Однообразно тянулось время в светлице за пяльцами до вечера.
Когда зажглись на небе звезды, постельницы проводили царицу в опочивальню.
Светил в опочивальне теремчатый фонарь о девяти верхах; сквозь слюдяные оконца просвечивал тускло огонь, и расписные травы и птицы разноцветные, казалось, оживали. Постельница Блохина чесала царице косы на ночь.
Мария встала. Длинные косы зазмеились у нее по плечам.
— В постельку пойдешь, матушка? Дай под локотки поддержу, — угодливо заговорила постельница.
Мария покачала головою.
— Спать не хочется, Васильевна.
— Так, может, сказочку рассказать аль мать Агнию кликнуть? А то сбитеньку сладкого принести? От сбитенька-то душенька распарится, по косточкам сладость пойдет…

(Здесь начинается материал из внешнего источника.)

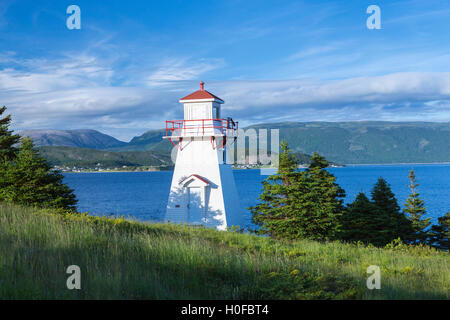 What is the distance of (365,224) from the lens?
75.5 feet

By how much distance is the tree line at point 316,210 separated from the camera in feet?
59.9

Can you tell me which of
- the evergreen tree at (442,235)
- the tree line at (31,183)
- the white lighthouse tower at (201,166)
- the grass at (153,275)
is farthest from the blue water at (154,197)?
the evergreen tree at (442,235)

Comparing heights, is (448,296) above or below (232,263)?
below

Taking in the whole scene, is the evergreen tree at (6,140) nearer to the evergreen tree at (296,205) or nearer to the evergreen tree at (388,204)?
the evergreen tree at (296,205)

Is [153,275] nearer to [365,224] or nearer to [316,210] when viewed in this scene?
[316,210]

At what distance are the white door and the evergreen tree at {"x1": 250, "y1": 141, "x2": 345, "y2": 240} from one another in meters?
3.45

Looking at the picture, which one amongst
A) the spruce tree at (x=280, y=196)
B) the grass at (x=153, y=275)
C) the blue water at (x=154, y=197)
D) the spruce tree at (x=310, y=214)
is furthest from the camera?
the blue water at (x=154, y=197)

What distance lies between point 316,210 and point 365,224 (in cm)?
648

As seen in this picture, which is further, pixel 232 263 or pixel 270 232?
pixel 270 232

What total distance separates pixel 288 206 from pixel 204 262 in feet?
43.4

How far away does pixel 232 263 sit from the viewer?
6297mm

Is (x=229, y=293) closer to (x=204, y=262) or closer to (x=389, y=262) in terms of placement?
(x=204, y=262) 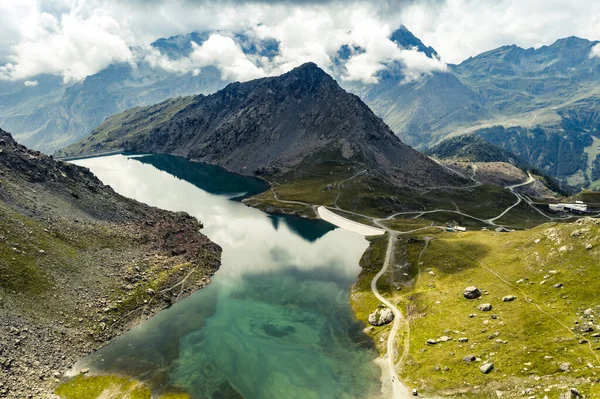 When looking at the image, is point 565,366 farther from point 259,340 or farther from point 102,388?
point 102,388

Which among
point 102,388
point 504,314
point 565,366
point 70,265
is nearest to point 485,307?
point 504,314

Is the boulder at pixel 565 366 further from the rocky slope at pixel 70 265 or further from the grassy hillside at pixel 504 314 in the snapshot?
the rocky slope at pixel 70 265

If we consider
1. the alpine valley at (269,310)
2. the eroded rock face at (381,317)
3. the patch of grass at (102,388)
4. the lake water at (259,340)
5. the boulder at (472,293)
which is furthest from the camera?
the eroded rock face at (381,317)

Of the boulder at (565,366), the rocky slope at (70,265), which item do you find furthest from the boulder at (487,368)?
the rocky slope at (70,265)

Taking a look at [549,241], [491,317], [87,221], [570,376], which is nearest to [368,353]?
[491,317]

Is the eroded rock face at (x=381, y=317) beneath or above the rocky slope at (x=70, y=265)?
beneath

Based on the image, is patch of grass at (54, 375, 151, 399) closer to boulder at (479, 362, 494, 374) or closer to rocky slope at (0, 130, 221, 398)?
rocky slope at (0, 130, 221, 398) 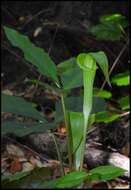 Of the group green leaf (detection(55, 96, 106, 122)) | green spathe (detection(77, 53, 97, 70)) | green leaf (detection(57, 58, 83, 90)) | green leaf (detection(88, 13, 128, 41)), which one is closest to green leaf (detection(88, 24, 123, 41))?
green leaf (detection(88, 13, 128, 41))

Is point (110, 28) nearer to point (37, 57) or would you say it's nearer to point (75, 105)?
point (75, 105)

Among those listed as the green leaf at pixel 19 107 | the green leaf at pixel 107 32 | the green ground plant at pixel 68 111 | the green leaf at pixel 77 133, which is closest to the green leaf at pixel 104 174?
the green ground plant at pixel 68 111

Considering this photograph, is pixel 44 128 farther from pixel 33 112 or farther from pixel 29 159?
pixel 29 159

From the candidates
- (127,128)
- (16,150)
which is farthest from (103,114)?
(16,150)

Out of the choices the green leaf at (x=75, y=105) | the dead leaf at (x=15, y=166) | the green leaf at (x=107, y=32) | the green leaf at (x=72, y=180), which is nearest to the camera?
the green leaf at (x=72, y=180)

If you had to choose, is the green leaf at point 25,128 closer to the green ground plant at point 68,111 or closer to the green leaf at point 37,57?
the green ground plant at point 68,111

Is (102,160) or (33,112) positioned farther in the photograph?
(102,160) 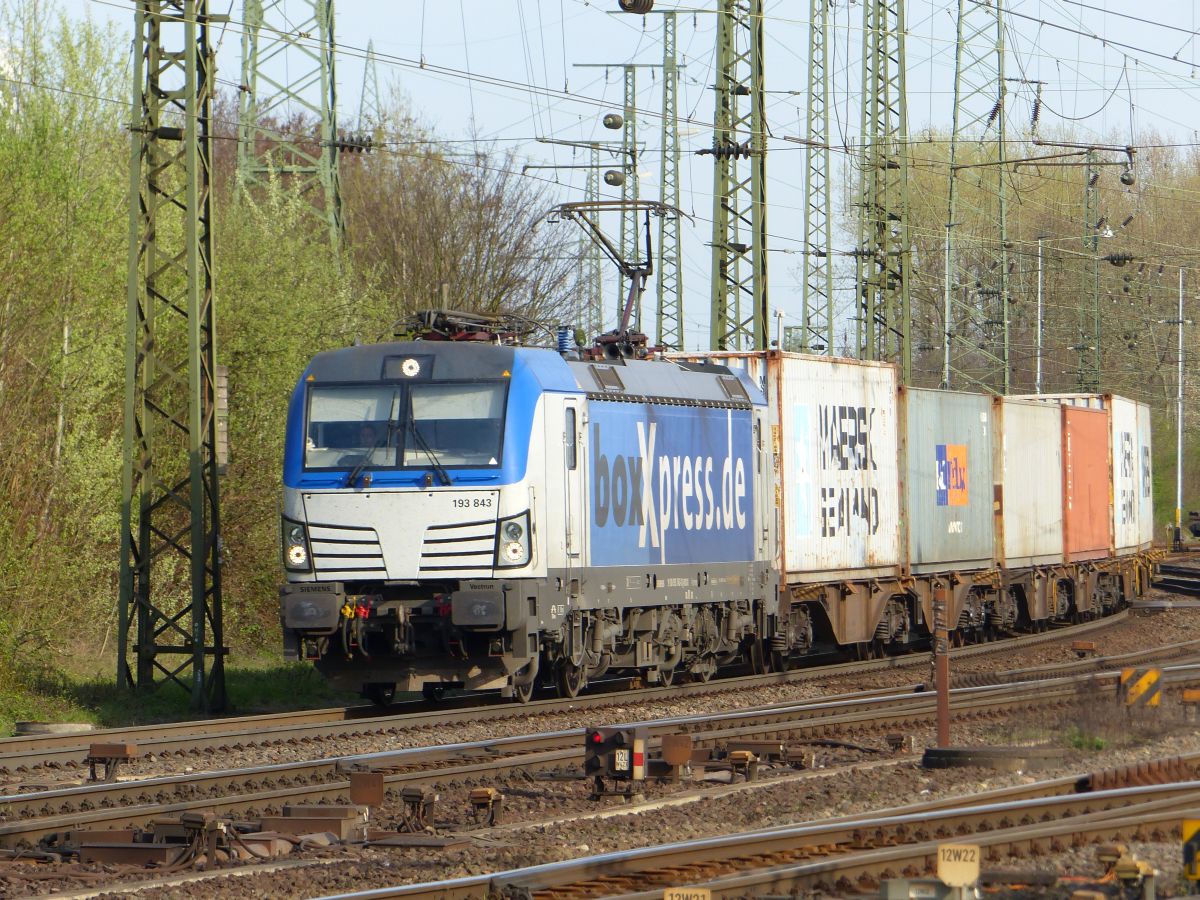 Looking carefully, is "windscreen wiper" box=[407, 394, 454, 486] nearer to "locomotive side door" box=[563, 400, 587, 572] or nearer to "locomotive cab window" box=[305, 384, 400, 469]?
"locomotive cab window" box=[305, 384, 400, 469]

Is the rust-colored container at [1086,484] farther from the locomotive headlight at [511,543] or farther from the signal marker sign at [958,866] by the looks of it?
the signal marker sign at [958,866]

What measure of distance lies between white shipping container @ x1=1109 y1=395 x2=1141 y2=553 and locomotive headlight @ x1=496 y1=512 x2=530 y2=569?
20547 mm

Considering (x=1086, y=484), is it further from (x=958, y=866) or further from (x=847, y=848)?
(x=958, y=866)

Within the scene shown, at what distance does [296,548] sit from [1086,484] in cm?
1898

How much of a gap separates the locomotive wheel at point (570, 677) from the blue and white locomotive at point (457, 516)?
26mm

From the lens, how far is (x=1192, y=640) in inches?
1001

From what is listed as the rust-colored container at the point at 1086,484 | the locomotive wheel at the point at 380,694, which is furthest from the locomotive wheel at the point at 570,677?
the rust-colored container at the point at 1086,484

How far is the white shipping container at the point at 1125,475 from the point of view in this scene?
110 ft

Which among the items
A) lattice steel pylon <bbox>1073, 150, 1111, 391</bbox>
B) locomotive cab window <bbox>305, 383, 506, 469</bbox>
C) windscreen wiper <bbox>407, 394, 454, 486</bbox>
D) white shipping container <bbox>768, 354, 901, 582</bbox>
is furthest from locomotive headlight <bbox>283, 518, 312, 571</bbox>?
lattice steel pylon <bbox>1073, 150, 1111, 391</bbox>

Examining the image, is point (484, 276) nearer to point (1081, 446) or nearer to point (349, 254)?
point (349, 254)

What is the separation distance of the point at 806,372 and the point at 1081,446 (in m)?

Но Мария отстранила ее рукою и молча подошла к окну, распахнула завесу, отворила створки и высунулась в окошко по пояс. Ее охватила прохлада осенней ночи. В ясном небе мигали звезды, и Сажар[11] был ярче всех. Все семь звезд его, казалось, готовы были пролиться золотыми каплями на землю.
Блохина говорила:
— Что, матушка-царица, на Сажар-звезду загляделась? Та звезда надо всеми звездами звезда; ишь как горит! Как она светит — охотник зверя найдет, Сажар ему поможет. Медведя тоже Сажар бережет, сон на него нагоняет на всю зиму, чтобы не так тошно было косолапому при стуже да при пустом брюхе в берлоге лежать. Нагляделась я, чай, поди, матушка-царица, на звездочки Божьи; дай оконце закрою: не ровен час стужей зазнобит, хворь прикинется.

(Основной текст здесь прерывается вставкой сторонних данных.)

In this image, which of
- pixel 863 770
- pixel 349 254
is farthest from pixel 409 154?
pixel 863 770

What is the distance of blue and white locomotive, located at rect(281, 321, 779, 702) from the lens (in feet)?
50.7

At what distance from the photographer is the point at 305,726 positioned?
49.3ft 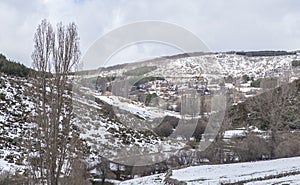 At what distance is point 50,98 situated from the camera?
11297mm

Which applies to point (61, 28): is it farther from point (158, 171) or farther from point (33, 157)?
point (158, 171)

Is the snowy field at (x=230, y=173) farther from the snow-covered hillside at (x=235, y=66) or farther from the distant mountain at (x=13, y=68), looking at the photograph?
the distant mountain at (x=13, y=68)

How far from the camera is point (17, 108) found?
31.0m

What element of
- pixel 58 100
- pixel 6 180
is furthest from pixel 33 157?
pixel 6 180

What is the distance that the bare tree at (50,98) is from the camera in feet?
36.7

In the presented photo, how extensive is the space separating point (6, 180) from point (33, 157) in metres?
4.91

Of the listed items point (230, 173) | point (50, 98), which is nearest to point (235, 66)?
point (230, 173)

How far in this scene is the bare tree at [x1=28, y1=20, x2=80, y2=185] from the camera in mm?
11180

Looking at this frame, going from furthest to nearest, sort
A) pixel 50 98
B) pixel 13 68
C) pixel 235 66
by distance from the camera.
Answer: pixel 235 66
pixel 13 68
pixel 50 98

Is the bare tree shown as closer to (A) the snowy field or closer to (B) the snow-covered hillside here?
(A) the snowy field

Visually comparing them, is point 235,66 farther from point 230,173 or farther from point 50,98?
point 50,98

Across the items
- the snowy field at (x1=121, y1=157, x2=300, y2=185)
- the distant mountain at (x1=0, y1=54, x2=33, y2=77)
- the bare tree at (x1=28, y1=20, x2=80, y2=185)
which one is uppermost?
the distant mountain at (x1=0, y1=54, x2=33, y2=77)

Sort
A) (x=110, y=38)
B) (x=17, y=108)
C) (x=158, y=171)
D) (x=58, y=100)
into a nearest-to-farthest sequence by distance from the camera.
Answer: (x=58, y=100), (x=110, y=38), (x=158, y=171), (x=17, y=108)

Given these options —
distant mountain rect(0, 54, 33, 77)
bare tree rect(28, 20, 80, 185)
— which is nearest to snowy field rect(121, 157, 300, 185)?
bare tree rect(28, 20, 80, 185) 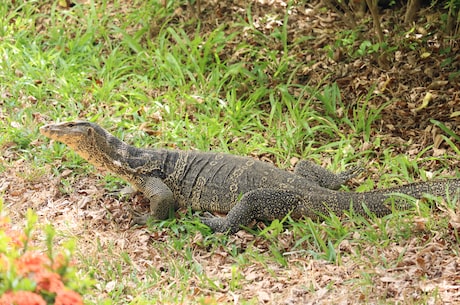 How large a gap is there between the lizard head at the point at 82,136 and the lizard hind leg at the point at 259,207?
1.48 meters

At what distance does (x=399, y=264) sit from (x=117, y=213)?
114 inches

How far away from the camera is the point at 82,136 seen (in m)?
6.57

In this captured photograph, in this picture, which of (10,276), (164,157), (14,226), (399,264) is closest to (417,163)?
(399,264)

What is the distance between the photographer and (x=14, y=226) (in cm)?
628

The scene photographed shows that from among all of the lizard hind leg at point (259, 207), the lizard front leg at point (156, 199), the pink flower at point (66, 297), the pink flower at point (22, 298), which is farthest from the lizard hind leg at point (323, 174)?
the pink flower at point (22, 298)

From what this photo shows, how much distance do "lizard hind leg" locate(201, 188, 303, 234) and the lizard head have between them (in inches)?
58.3

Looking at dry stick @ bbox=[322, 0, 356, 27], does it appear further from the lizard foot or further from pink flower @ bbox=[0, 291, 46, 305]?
pink flower @ bbox=[0, 291, 46, 305]

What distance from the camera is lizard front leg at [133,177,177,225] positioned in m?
6.46

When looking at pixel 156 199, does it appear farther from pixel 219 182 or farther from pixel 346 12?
pixel 346 12

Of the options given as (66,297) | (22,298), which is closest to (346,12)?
(66,297)

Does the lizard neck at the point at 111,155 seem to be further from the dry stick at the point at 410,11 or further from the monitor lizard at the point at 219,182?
the dry stick at the point at 410,11

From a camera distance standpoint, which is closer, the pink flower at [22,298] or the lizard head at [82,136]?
the pink flower at [22,298]

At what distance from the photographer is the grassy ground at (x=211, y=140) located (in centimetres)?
512

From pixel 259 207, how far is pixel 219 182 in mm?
619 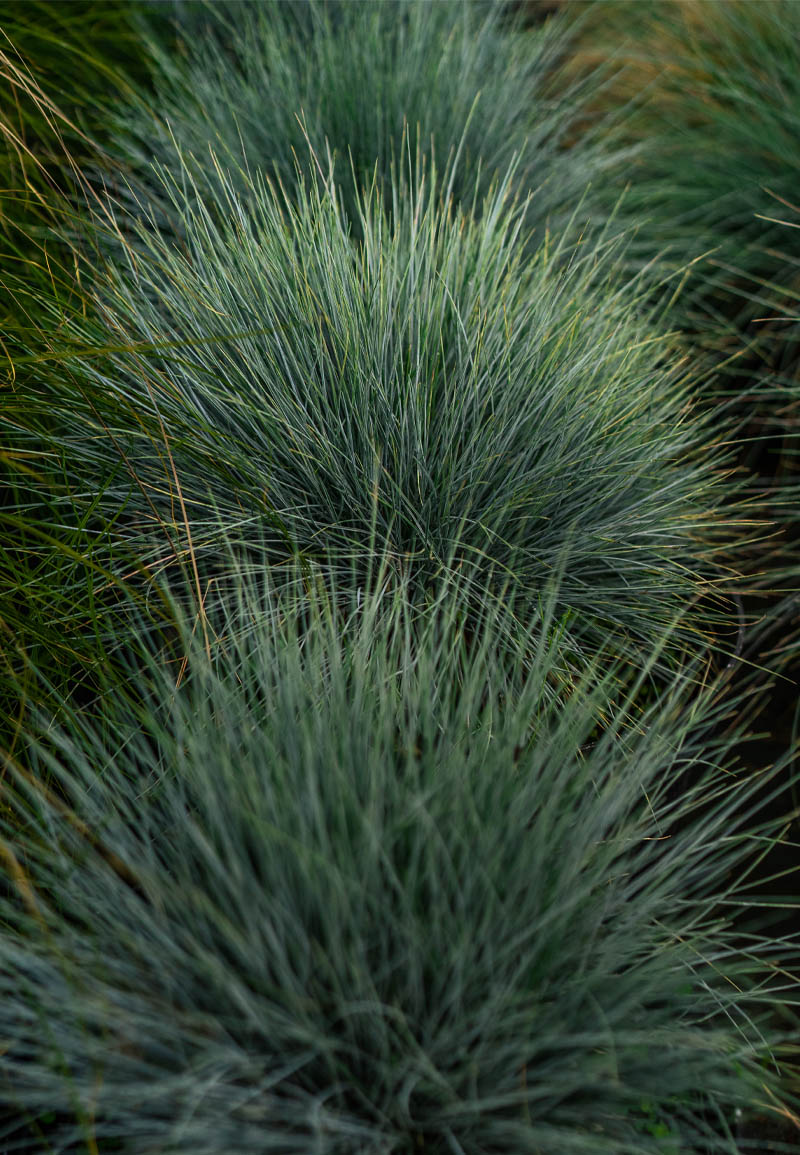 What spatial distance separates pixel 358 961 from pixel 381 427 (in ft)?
2.36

Но царица опять отстранила ее.
— Не тронь; слышишь, как из сада духом хорошим несет? Базилика, да иссоп, да богородицына травка… не тронь…
Она оперлась головою о косяк и застыла.
Внизу, в траве, ковал кузнечик; в кустах зашевелилась и пискнула птичка; где-то тихо и жалобно тявкала собачонка; шелестели листья деревьев тихо и жутко-тревожно, и ветки рябины казались черными, призрачно-таинственными; а вверху плыл золотой рожок месяца.
И вдруг внизу распахнулось окошко, и в темноту и тишь ворвались дикие крики, визг, вой, грохот, безумие дикого, буйного веселья. Слышно было, как звенели накры,[12] и заливались сурьмы, и дребезжали гусельки звончаты; слышались взвизгивания пьяных голосов и дробное притоптывание множества ног. Вырывались звуки бесшабашной песни:
Кума тарара,
Не съезжай со двора!
Съедешь, потужишь,
Домой не угодишь!
Голоса неслись из покоев царя. Мария схватила постельницу за руку.